I have RNA-seq data samples regarding several types of cancer that came from the same source, and RNA-seq of control samples from a different source. For the cancer data and for the control data, I run cell type enrichment analysis separately to get an idea about the cell structure of each sample.
Cell type enrichment analysis for the cancer RNA-seq data is called cancer1
, and for the control it's called control1
.
The reason I'm applying batch effect is that I have two sources, and I don't want any variation that is not biological.
I'm having some trouble with batch effect correction, when and how should I apply it.
Should I apply limma::removeBatchEffect
on cancer1
and control1
separatly? or should I combine them and only then run the correction?
Or is it better to run the correction before even running the cell type enrichment analysis? like run it on the RNA-seq data to begin with.
Your help will be much appreciated, thank you.
Based on your description (all cancers from source 1, all controls from source 2) you have what's called "perfect counfounding", so if you remove the batch effect, you'll remove the average difference between cancer and control.

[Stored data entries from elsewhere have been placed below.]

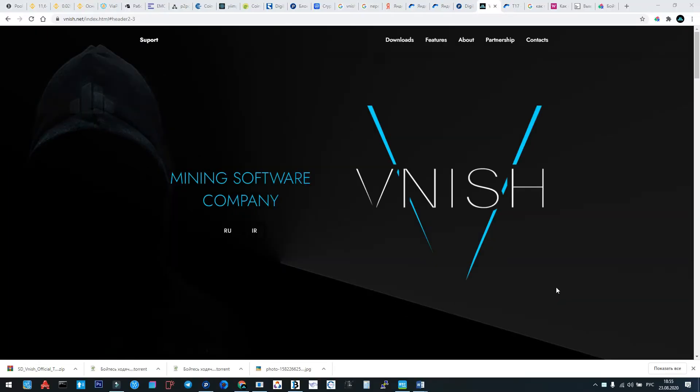Hey guys, this is Alexander from Vnish Mining Software Company. Today I'll explain the integration of our new firmware named 203 for the 17 series. We'll cover integration using two ways: via SD card and via web interface, upgrading from earlier Vnish versions.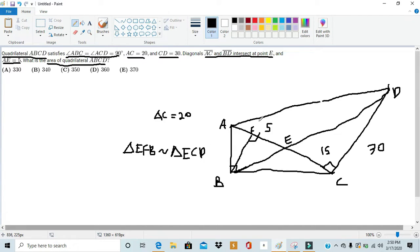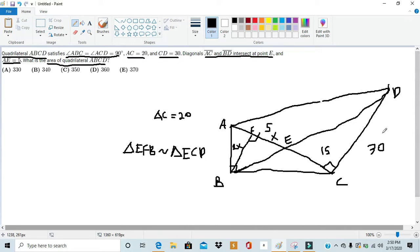We can write that triangle EFB is similar to triangle ECD. That's a good relationship to know. However, we don't really know that much about triangle EFB. One thing we do know is the relationship between its sides. Since EC is one half of CD, and triangle EFB is similar to triangle ECD, we know that the relationship between EF to FB is also in a 1 to 2 ratio. So if we name EF as X, then FB is going to equal 2X. We know that the altitude of the triangle is equal to 2X.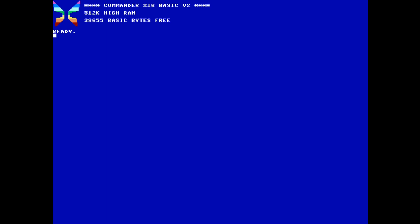The Commander X16 has started shipping development boards, which brings us one step closer to the initial commercial release. I thought it would be nice to show off one of the lesser known built-in features that currently ships with R42 of the ROM.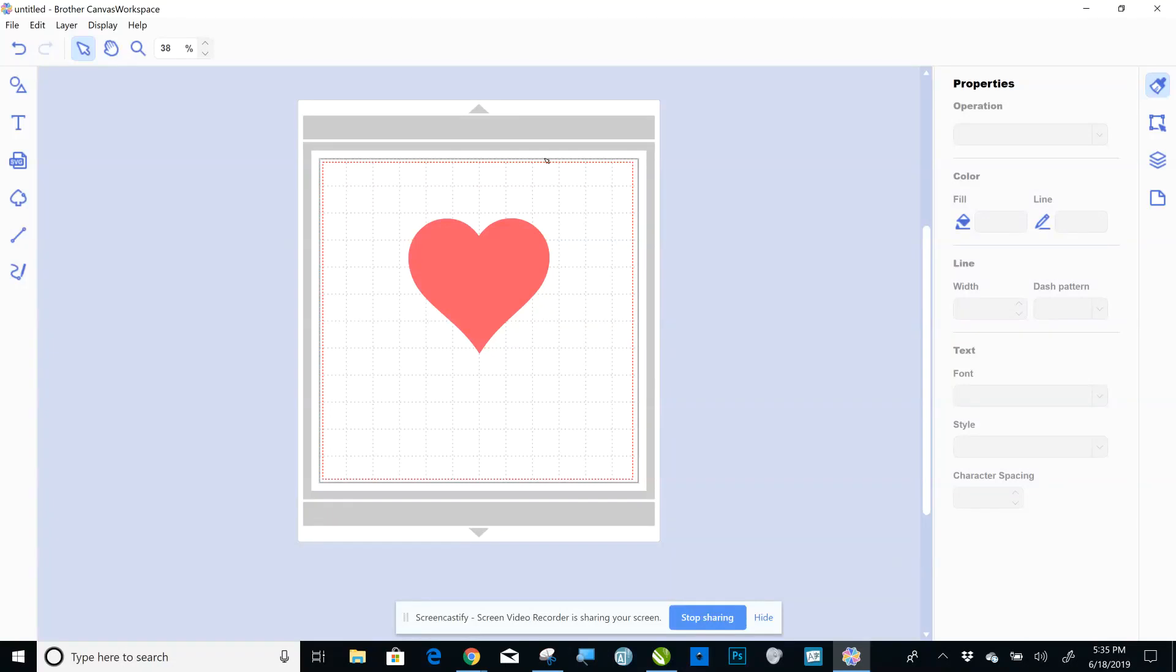Hi, Sarah Banas here, Spectrum Weavers. I'm going to show you today how to offset in Brother Canvas.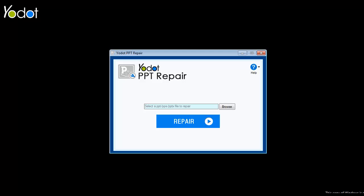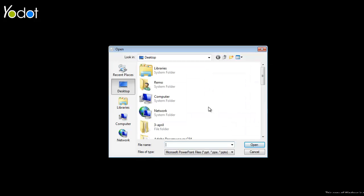First launch the YODOT PPT Repair Software on your computer. On its main screen, click the Browse button and then select the presentation you want to fix.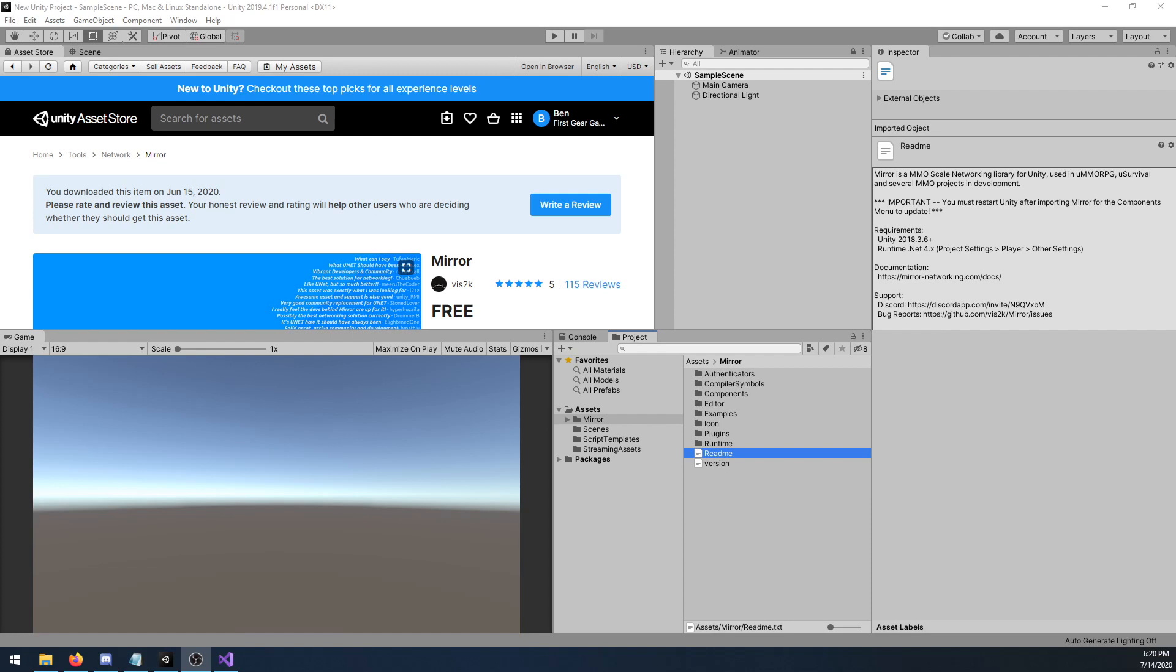To test that MIRROR is functioning properly, I'm going to spawn a cube on two instances, and make sure they can both be seen over the network.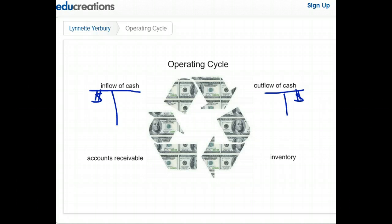Hopefully that helps you understand the definition of an operating cycle and how it can be extended to the term current assets. Thanks for joining me and we'll talk to you soon.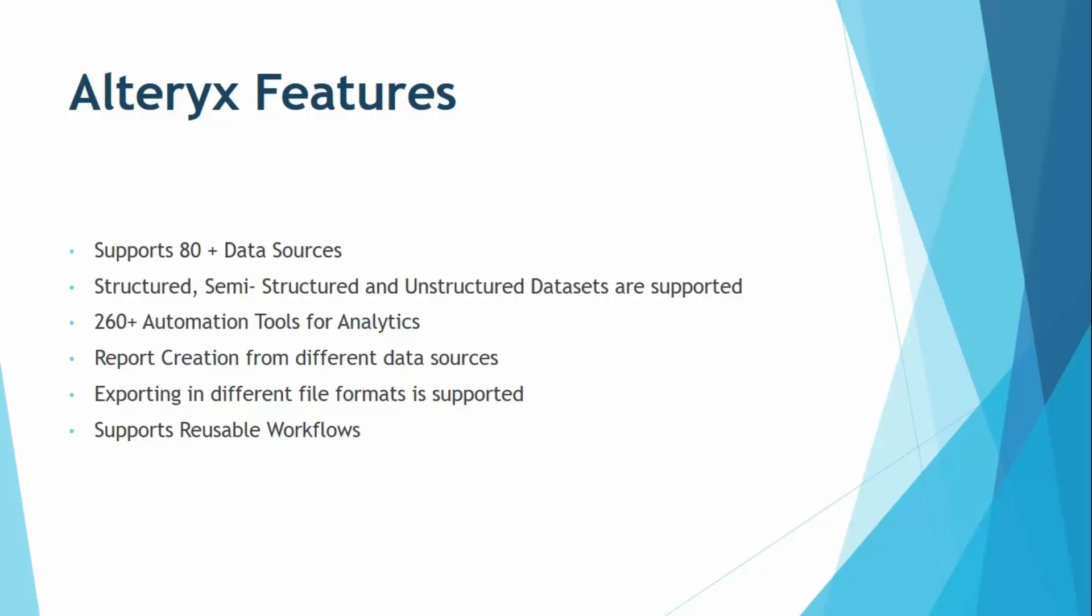Report creation is supported from different data sources. That means from different BI tools or different data sources, you can create reports. Like once you have created a report or a workflow in Alteryx, then you can actually use the different data sources for different sorts of visualizations to be combined together in a single report. So this is one of the best features supported by Alteryx.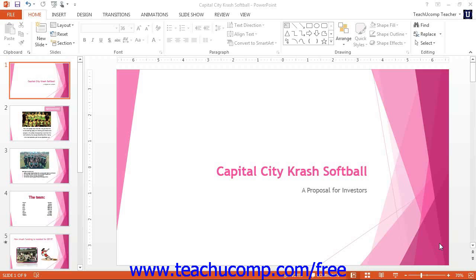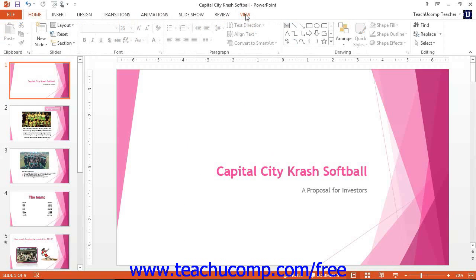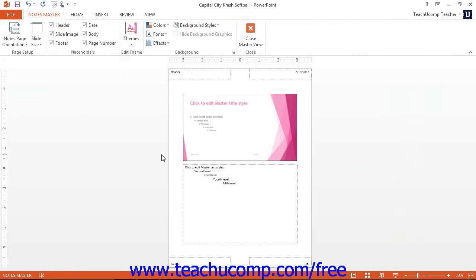You can enter this view by clicking the Notes Master button in the Master Views button group, or the Presentation Views button group if using PowerPoint 2007, located on the View tab within the ribbon. This will then display the Notes Master for the presentation in the main window.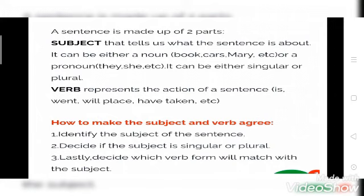A sentence is made up of two parts: subject and verb. What is a subject? A subject tells us what the sentence is about. It can be either a noun — book, cars, Mary, etc. — or a pronoun — they, she, etc.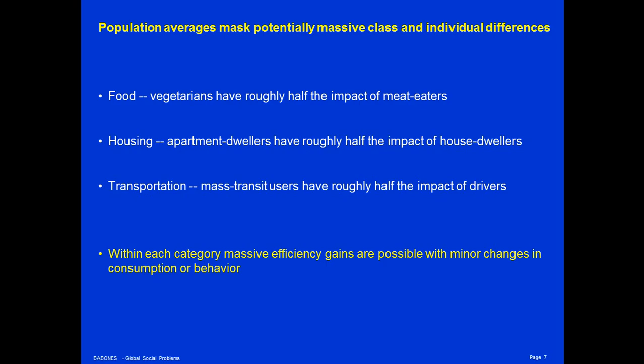That's not just a choice issue — it's also a wealth and class issue. People who live in smaller houses and drive smaller cars have much smaller ecological footprints than people who live in big houses and drive big cars. Also, within each category, massive efficiency gains are possible with only minor changes in consumption or behavior.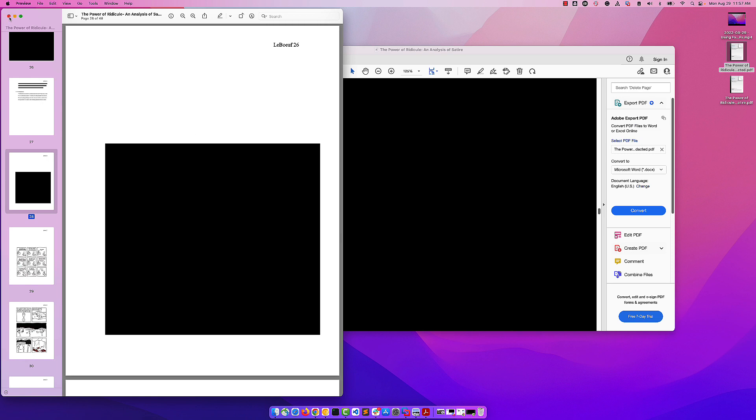So there you go. You now know how to open up a document and begin redacting information, whether that be text you can search for, text you manually select, how to remove things you accidentally mark, how to apply your changes, and how to mark out full pages and images.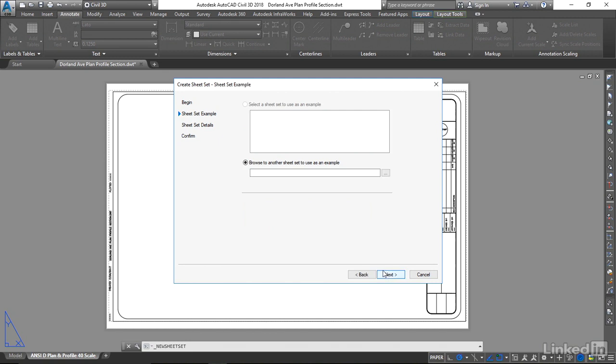Now we need to choose the example sheet set. You may or may not have example sheet sets here. We don't. What we are going to do is we're going to use the sheet set file that is in our exercise folder.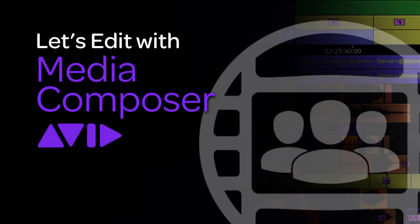Hey everyone, Kevin P McAuliffe here, and I am back again with another Let's Edit with Avid Media Composer tutorial. And in this lesson, what I want to do is I want to talk about bins.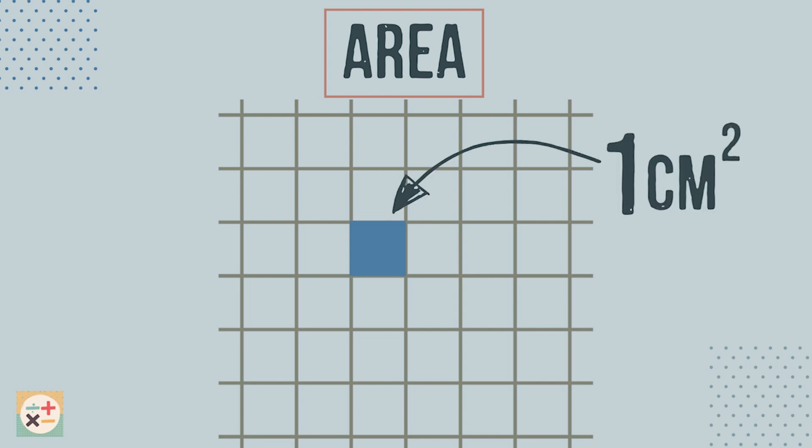Square centimetres are one of the ways in which we can measure the area of a shape, usually when the area is small. Bigger areas are often measured in square metres.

It is very difficult to control for batch effects while retaining biological variability in this situation; even when you've collapsed down to cell type enrichments.
Not very difficult, it’s impossible.
So you say I should not apply batch correction at all right?
It's not that you should not, you cannot. Batch and biological effect are the same. If all apples are in box1 and all peers are in box2 and you remove box1 then all apples are gone because the type of fruit (apple/peer) and the location (the box) are perfectly nested, you remove the box1, so you remove the apples, they would need to be mixed in boxes to allow removal of a box (sorry for the pathetic comparison).
ATpoint This reminds me of another question, say I have many bulk RNA-seq cancer datasets. For example I have 5 melanoma datasets, 4 RCC datasets, and so on..
I perform cell type enrichment analysis for each dataset separatly, then I combine the results into one big dataset.
Can I perfom batch effect correction for cancer type? and should I perform batch effect correction for dataset?
I want to check a general pattern of cells in all cancer samples in general, so I don't want the cancer type or the source (dataset) to influence the results.
You can only ensure this via experimental design; you can't do it in-silico. You can perform the analysis without correction, but until a follow-up validation experiment is performed with the appropriate design, you cannot assign any statistical confidence to the results.